I am in the same boat my friend. Been mentally unwell since at least 11 and now at 21 I feel like a scared little girl who has all these responsibilities and is expected to ‘adult’ when nobody ever taught me.
I have no clue at this point what is a part of my personality and what is just part of my mental illness. The only time I wasn’t sick was when I was a child, and those memories are very vivid. Once I got sick it was all just a blur.
There is times where I really don’t know anything about myself. I don’t know my hobbies, my goals (short term or long term) my identity in general. It’s very fragile.
The thing I regret most in life is being young and trying to grow up fast. I remember people always saying stuff like that. ‘Don’t grow up too fast!’ ‘Enjoy being a kid while you can’ I wish I could have listened better. Now I feel like I’m still desperately clinging to my childhood.
I still trick or treat, I still only eat sandwiches if they’re cut in a triangle. I still watch cartoons everyday and cry at everything and like to play with toys.

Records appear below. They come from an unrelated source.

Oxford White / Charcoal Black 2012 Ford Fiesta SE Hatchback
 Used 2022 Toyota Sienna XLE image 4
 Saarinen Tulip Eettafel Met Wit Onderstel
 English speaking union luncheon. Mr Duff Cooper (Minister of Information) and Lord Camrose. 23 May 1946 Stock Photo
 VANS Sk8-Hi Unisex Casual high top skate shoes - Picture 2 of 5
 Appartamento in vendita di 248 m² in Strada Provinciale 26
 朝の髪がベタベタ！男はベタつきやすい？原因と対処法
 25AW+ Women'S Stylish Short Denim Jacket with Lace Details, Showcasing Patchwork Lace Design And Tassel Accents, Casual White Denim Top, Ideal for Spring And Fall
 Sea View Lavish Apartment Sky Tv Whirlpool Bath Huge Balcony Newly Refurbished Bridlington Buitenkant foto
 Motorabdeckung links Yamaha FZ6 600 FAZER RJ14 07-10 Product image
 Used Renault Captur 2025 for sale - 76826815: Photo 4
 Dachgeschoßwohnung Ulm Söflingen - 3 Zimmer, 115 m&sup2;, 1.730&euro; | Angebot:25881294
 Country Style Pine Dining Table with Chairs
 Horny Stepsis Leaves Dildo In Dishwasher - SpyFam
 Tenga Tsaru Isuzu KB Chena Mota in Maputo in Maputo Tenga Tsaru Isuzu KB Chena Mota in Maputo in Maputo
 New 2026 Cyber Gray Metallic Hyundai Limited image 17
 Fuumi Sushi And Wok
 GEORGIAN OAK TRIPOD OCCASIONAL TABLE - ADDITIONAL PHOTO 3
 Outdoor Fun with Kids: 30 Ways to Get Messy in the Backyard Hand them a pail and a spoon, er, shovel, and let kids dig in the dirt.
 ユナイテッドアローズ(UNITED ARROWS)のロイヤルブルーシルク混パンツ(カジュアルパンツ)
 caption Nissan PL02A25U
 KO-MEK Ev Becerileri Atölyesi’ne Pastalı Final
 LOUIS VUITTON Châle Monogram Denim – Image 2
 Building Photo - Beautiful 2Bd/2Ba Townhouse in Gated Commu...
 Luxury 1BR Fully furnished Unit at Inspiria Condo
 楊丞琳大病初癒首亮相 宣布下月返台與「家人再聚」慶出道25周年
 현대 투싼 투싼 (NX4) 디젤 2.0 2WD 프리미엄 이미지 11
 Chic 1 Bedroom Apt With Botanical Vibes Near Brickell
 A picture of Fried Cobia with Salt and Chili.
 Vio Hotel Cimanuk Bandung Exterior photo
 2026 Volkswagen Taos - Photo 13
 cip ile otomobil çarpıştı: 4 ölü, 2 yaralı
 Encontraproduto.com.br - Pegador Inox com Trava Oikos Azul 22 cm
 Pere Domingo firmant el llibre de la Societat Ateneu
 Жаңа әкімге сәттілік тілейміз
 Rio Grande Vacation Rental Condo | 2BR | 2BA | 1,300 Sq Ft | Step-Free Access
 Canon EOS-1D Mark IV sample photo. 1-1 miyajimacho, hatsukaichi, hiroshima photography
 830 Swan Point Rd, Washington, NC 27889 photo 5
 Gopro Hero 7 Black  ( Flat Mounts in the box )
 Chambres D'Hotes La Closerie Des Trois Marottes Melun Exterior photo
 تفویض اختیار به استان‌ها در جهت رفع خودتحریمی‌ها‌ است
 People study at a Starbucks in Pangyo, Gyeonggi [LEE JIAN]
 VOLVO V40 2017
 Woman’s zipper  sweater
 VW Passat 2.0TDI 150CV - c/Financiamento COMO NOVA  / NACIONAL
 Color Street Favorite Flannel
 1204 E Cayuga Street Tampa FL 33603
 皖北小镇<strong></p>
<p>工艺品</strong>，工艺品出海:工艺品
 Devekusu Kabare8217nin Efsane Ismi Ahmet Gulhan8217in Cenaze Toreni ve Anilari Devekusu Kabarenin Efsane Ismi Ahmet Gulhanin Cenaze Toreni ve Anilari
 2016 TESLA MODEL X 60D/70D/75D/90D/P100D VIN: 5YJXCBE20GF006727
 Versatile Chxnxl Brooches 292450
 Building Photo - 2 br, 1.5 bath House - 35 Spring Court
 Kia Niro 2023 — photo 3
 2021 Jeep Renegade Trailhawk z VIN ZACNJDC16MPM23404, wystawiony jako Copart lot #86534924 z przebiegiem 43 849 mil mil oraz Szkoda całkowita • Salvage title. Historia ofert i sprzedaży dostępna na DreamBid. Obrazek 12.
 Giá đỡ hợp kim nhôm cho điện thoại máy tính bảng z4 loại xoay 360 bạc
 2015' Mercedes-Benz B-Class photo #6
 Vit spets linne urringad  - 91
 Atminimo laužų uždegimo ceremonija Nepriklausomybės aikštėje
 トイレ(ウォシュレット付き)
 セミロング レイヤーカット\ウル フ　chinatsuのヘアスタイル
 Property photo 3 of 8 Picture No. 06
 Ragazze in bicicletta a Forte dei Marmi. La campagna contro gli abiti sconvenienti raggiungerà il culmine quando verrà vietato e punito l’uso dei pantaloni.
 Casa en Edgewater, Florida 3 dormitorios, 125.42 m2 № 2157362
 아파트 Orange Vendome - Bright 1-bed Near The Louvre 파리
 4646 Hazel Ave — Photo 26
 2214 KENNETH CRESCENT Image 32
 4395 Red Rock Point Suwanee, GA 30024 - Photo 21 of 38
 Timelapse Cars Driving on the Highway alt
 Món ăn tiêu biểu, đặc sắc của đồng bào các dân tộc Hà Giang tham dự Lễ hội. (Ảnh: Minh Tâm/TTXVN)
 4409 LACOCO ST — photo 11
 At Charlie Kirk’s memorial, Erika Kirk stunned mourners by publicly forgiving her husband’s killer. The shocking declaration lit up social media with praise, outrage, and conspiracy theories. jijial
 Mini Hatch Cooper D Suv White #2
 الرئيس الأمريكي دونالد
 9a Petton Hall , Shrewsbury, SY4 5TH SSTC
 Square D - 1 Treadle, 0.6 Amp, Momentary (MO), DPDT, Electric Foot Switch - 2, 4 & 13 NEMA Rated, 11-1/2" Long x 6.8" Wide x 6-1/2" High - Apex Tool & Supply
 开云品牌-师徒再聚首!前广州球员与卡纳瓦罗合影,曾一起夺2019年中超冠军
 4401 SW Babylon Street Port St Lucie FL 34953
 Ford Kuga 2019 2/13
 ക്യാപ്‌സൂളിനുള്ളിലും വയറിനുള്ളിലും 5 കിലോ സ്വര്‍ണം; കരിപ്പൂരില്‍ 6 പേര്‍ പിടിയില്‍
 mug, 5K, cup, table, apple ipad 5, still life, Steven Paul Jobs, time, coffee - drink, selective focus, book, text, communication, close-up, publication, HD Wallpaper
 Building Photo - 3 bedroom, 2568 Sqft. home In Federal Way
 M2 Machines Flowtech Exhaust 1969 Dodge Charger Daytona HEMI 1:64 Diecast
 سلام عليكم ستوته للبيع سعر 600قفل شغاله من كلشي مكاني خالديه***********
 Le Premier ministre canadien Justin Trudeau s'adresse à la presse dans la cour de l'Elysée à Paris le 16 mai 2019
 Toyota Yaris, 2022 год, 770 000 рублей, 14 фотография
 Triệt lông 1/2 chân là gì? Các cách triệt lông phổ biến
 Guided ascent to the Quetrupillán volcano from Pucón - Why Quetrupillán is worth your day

I need my mum to help me with a lot of things. I can’t make phone calls and appointments, I’ve never paid taxes and I sure as hell cant responsibly spend or budget money. I’ve bought cute stickers and trinkets instead of the food and toilet paper I needed. (Not to mention maxed out a credit card and have many payments I never intend to make)
which is sad because my adolescence was robbed from me by my mental illness. Instead of enjoying the ages of 11-now I was very unwell and didn’t enjoy a thing. I wasn’t very childlike then. Maybe that’s why the way I am now.